**Task directions:** Every line below between the one holding "Parked Bavarian Regional Trains" and the one holding "Quartz Sphere (18N)", inclusive, should be copied exactly, and no other line.

[Supplied records — start]

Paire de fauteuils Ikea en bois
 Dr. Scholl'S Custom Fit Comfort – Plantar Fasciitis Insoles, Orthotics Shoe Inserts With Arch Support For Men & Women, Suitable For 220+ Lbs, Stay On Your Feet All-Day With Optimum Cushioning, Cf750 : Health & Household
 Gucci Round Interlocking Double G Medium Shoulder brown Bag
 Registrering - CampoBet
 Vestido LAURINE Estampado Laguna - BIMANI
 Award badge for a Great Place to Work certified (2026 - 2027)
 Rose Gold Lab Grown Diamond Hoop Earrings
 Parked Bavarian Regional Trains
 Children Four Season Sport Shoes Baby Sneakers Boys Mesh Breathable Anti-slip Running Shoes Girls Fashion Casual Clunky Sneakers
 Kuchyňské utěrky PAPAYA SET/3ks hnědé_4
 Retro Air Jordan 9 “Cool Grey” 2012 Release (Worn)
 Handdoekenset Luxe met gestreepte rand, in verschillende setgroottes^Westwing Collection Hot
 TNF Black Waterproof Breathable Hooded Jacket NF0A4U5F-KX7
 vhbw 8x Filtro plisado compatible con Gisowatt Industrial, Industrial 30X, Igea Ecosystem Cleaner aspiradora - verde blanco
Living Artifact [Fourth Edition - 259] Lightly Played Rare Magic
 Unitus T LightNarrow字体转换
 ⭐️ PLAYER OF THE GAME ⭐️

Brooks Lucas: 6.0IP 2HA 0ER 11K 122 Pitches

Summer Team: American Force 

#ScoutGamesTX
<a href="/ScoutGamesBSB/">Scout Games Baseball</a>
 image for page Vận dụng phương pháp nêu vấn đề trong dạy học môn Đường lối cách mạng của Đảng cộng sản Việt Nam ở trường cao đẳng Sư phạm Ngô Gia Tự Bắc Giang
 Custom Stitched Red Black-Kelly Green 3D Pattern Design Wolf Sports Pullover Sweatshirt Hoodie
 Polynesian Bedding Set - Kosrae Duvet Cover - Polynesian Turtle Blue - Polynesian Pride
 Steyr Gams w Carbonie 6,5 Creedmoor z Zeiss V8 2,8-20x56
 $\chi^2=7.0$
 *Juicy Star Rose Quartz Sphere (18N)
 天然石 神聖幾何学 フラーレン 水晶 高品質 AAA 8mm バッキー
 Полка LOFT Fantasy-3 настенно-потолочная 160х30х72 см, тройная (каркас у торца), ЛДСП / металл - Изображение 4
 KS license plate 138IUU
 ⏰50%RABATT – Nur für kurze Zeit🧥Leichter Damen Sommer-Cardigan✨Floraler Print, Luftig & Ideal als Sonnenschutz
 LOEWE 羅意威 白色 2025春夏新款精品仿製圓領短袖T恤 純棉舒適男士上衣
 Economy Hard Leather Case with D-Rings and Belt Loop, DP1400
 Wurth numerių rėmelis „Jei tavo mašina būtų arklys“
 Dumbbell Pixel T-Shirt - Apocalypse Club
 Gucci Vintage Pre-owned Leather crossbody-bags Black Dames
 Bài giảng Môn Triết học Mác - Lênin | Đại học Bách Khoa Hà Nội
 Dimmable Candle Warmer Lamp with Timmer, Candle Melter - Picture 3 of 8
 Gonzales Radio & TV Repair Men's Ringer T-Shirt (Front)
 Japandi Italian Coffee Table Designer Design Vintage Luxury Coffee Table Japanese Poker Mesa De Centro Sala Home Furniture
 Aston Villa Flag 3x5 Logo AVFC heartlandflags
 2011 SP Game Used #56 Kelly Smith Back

[Supplied records — finish]

**Result:**
 Parked Bavarian Regional Trains
 Children Four Season Sport Shoes Baby Sneakers Boys Mesh Breathable Anti-slip Running Shoes Girls Fashion Casual Clunky Sneakers
 Kuchyňské utěrky PAPAYA SET/3ks hnědé_4
 Retro Air Jordan 9 “Cool Grey” 2012 Release (Worn)
 Handdoekenset Luxe met gestreepte rand, in verschillende setgroottes^Westwing Collection Hot
 TNF Black Waterproof Breathable Hooded Jacket NF0A4U5F-KX7
 vhbw 8x Filtro plisado compatible con Gisowatt Industrial, Industrial 30X, Igea Ecosystem Cleaner aspiradora - verde blanco
Living Artifact [Fourth Edition - 259] Lightly Played Rare Magic
 Unitus T LightNarrow字体转换
 ⭐️ PLAYER OF THE GAME ⭐️

Brooks Lucas: 6.0IP 2HA 0ER 11K 122 Pitches

Summer Team: American Force 

#ScoutGamesTX
<a href="/ScoutGamesBSB/">Scout Games Baseball</a>
 image for page Vận dụng phương pháp nêu vấn đề trong dạy học môn Đường lối cách mạng của Đảng cộng sản Việt Nam ở trường cao đẳng Sư phạm Ngô Gia Tự Bắc Giang
 Custom Stitched Red Black-Kelly Green 3D Pattern Design Wolf Sports Pullover Sweatshirt Hoodie
 Polynesian Bedding Set - Kosrae Duvet Cover - Polynesian Turtle Blue - Polynesian Pride
 Steyr Gams w Carbonie 6,5 Creedmoor z Zeiss V8 2,8-20x56
 $\chi^2=7.0$
 *Juicy Star Rose Quartz Sphere (18N)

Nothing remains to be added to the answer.